#### About this task:
Word for word, copy the records and drop the pictures.

Records supplied section start

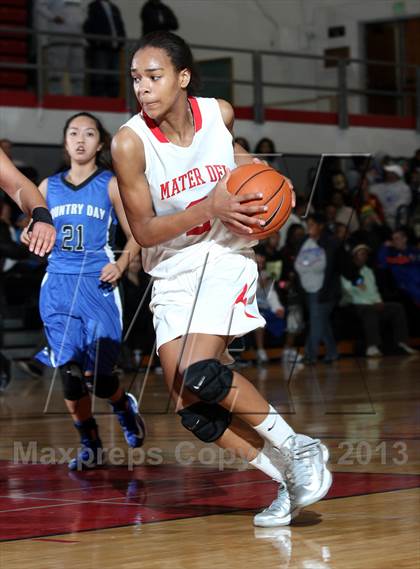 Thumbnail 2 in Mater Dei vs. La Jolla Country Day (Realrun Classic) photogallery.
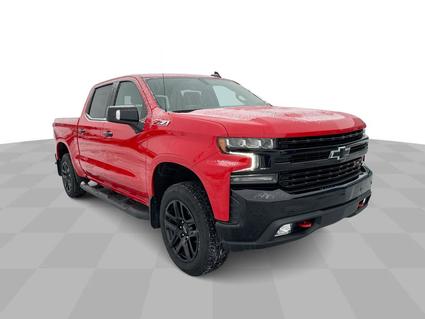 2021 Chevrolet Silverado Sault Ste. Marie MI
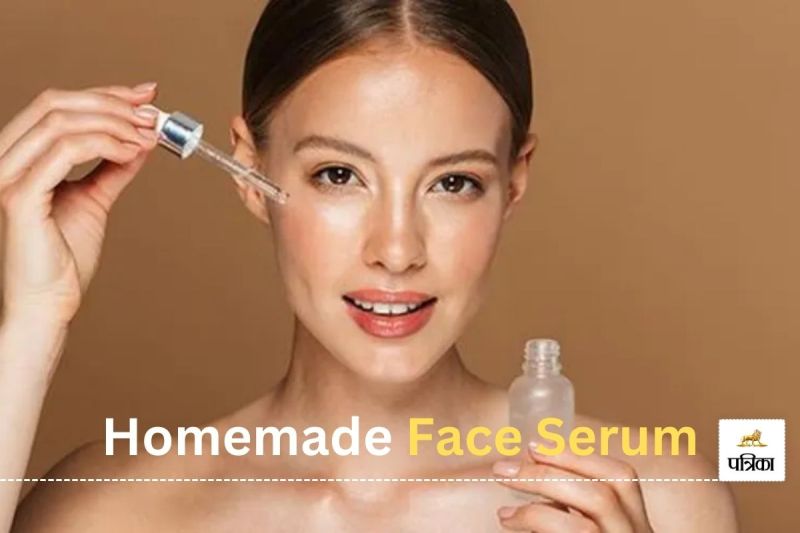 DIY face serum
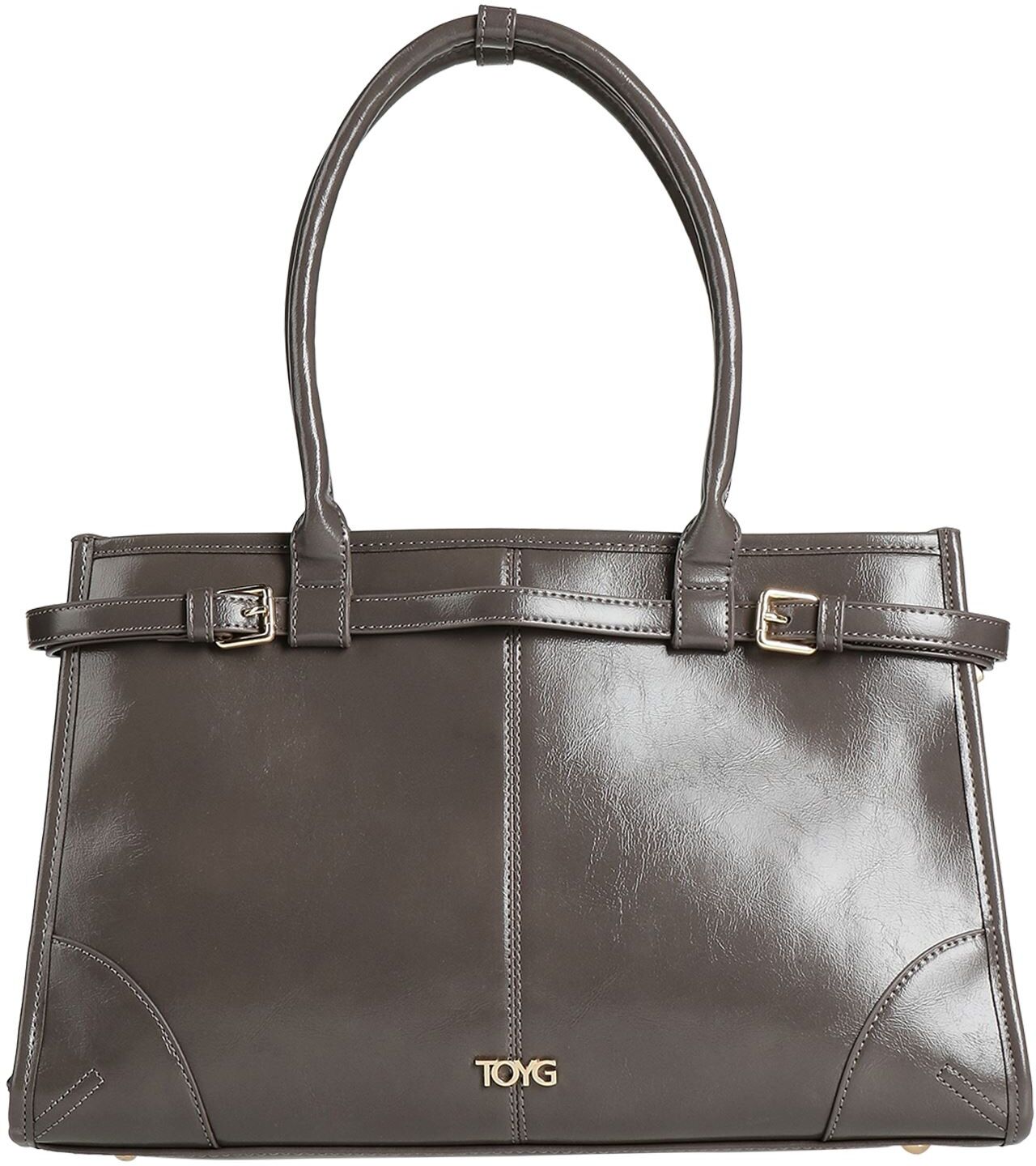 Toy G. Bolso de mano Mujer Carbón -- Mujer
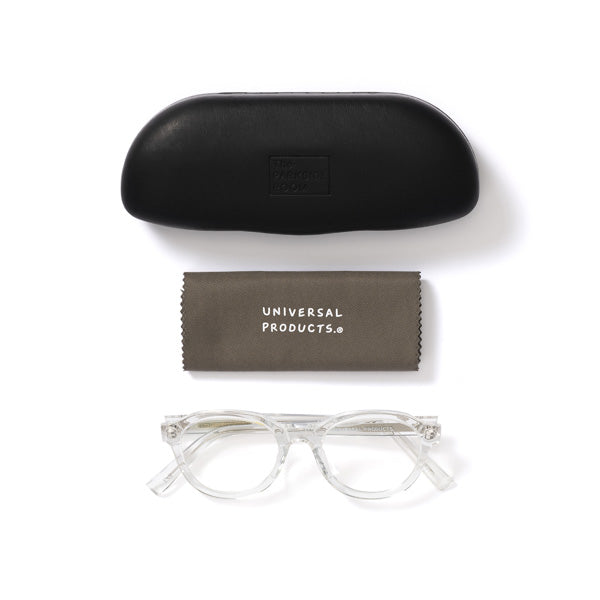 UP+N GLASSES (203-60909) | UNIVERSAL PRODUCTS / アクセサリー (MEN 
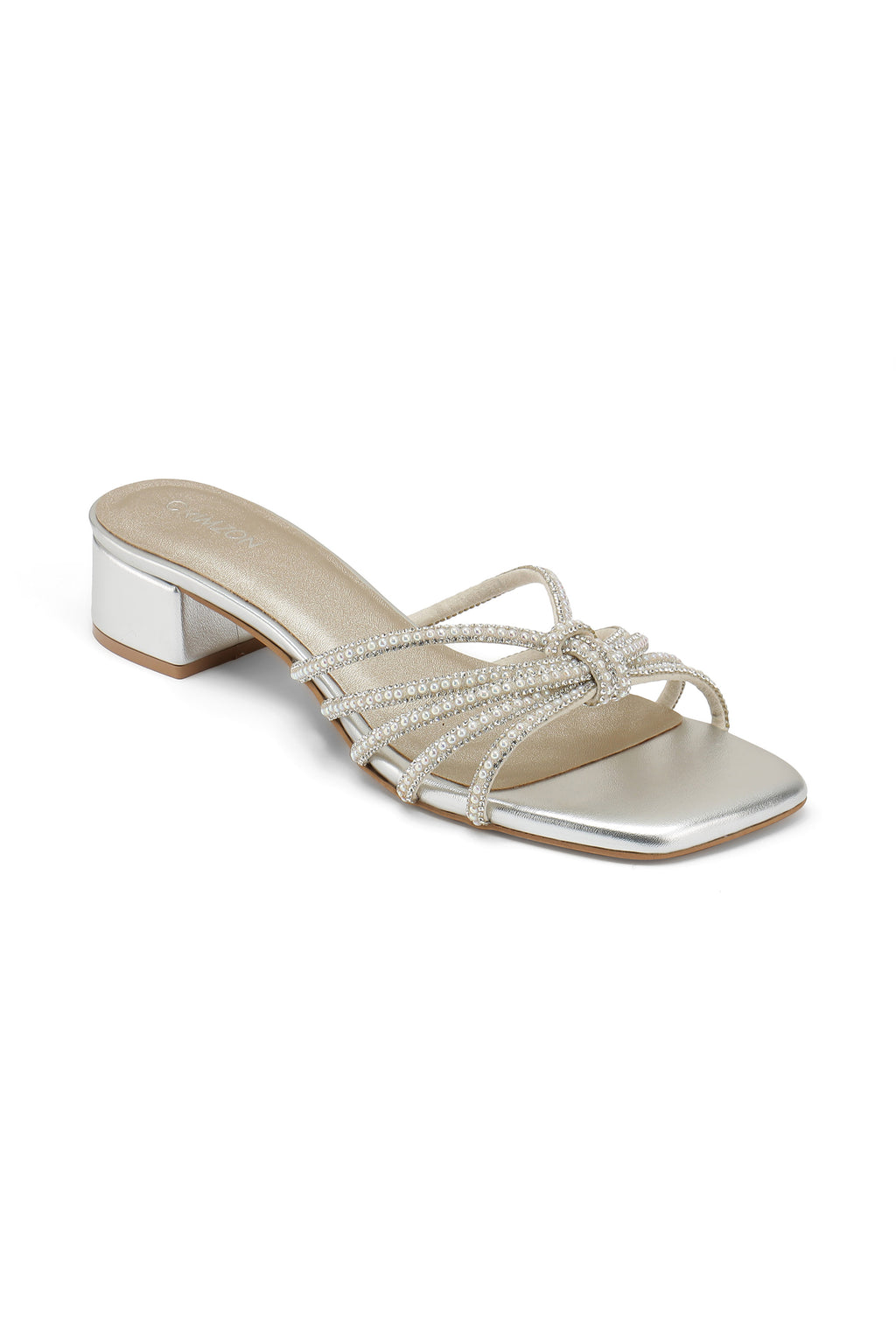 Heel Silver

Records supplied section end

#### Output of the exercise:
 Thumbnail 2 in Mater Dei vs. La Jolla Country Day (Realrun Classic) photogallery.
 2021 Chevrolet Silverado Sault Ste. Marie MI
 DIY face serum
 Toy G. Bolso de mano Mujer Carbón -- Mujer
 UP+N GLASSES (203-60909) | UNIVERSAL PRODUCTS / アクセサリー (MEN 
 Heel Silver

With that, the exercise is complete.